Record Labels Shut Out of Ping Introduction?

Ping Lady GaGa

By now we’ve all heard about the drama between Apple and Facebook over the introduction of Ping back on September 1. Apparently the drama doesn’t end there, as a new report sheds some light on Cupertino effectively leaving the record labels out in the cold prior to the launch of iTunes 10.

Fast Company is reporting
on the troubled launch of Ping, the social network built into iTunes 10 which Apple introduced at the beginning of September. Almost immediately after its launch, Ping was mired in drama — first with Facebook (or rather, the lack thereof) and next by users, who thus far have been mostly unimpressed with the service and its lackluster selection of artists.

If you thought you were underwhelmed, the record labels appear to be downright “disappointed,” according to several music industry insiders. “It’s not a game changer,” explains one source, who claims the record labels are simply “indifferent” to the iTunes-based social network.

Of course, that could have a lot to do with being given the cold shoulder in the days leading up to the unveiling of Ping. While Facebook at least reportedly had 18 months of negotiation, the record labels had none — they apparently found out about Ping at the same time the rest of us did.

“In keeping with their general practice of keeping things really, really tight, [Apple] didn’t tell anyone about Ping,” the source reveals. “I’d say that you had a few annoyed people.”

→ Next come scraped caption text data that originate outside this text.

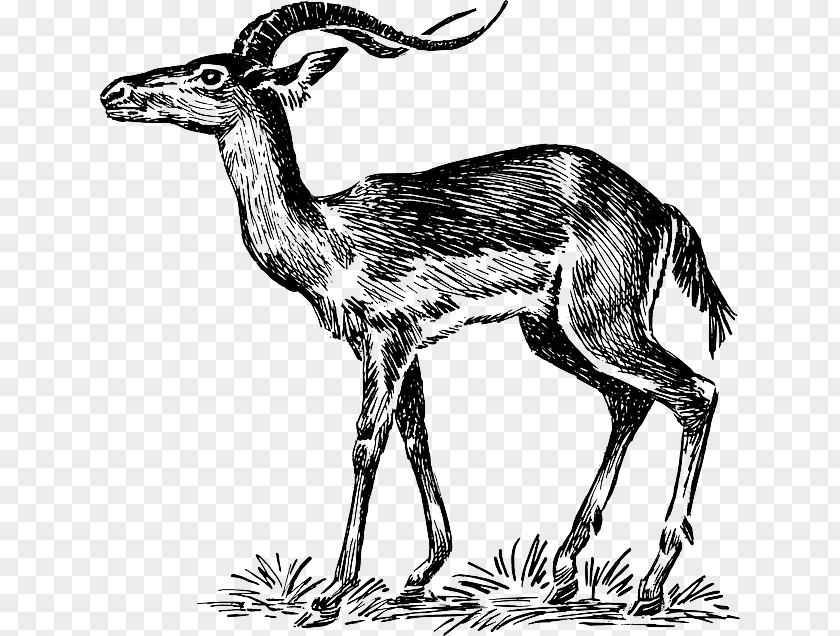 Impala Antelope Springbok Clip Art PNG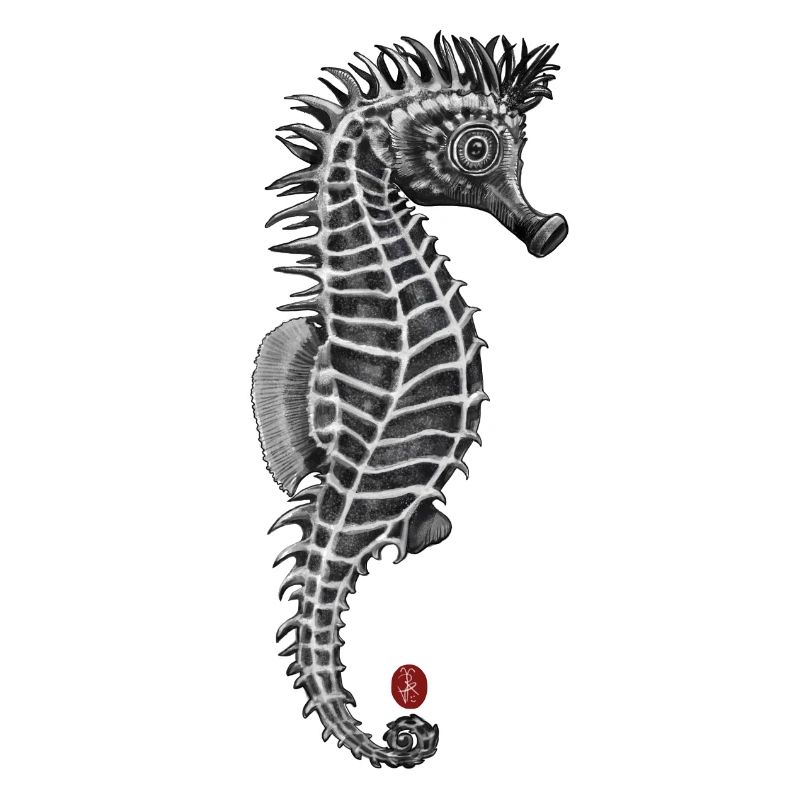Seepferdchen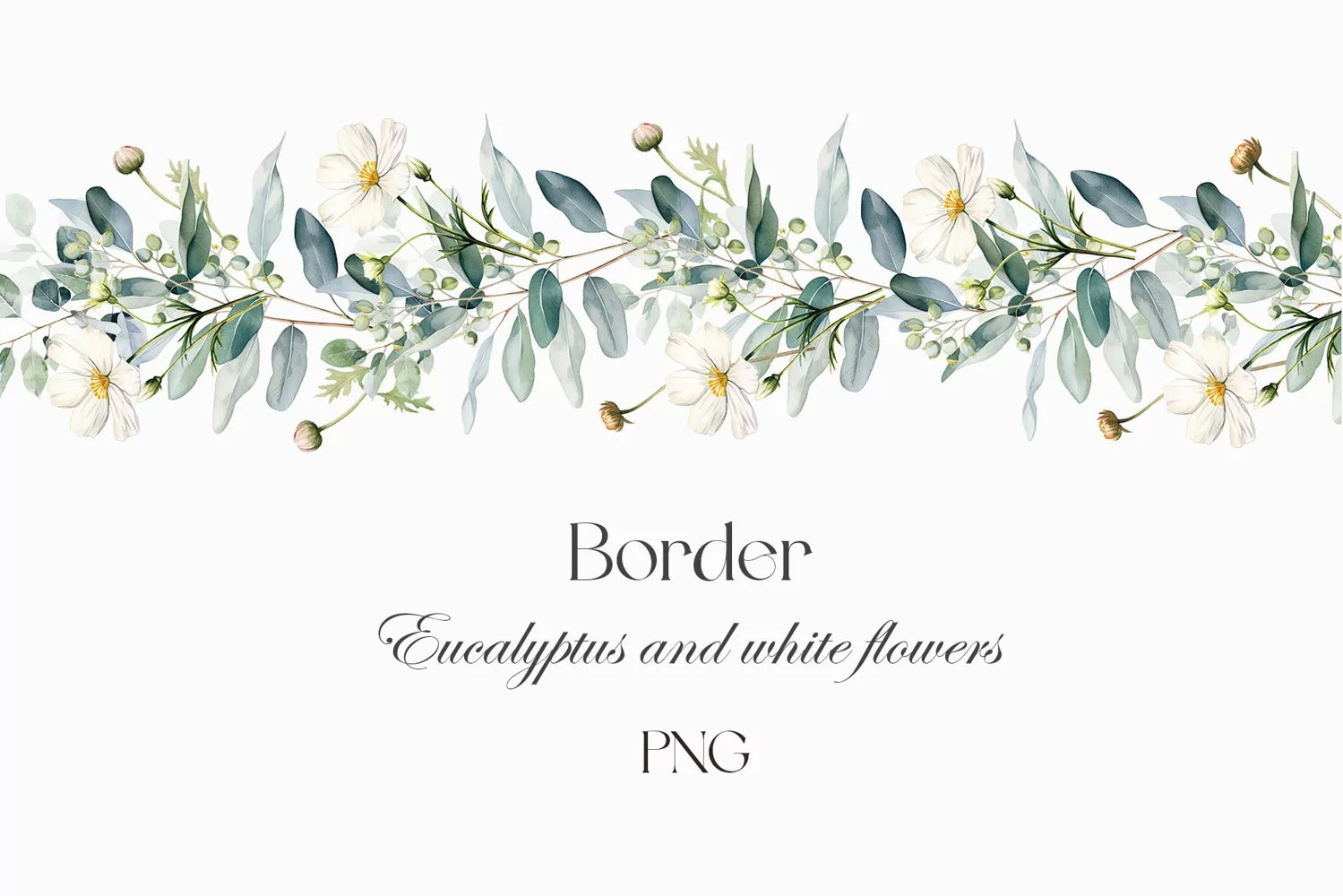 Watercolor eucalyptus border clipart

Apple sidestepped the often-cranky record labels and “went straight to management,” cuddling up with artists such as Lady Gaga and Jack Johnson to get their profiles on Ping for launch day. It appears to be taking forever to get additional artists added to the service, particularly for independents — a situation that may not get much better in the short term, as Apple is creating profiles for musicians one at a time.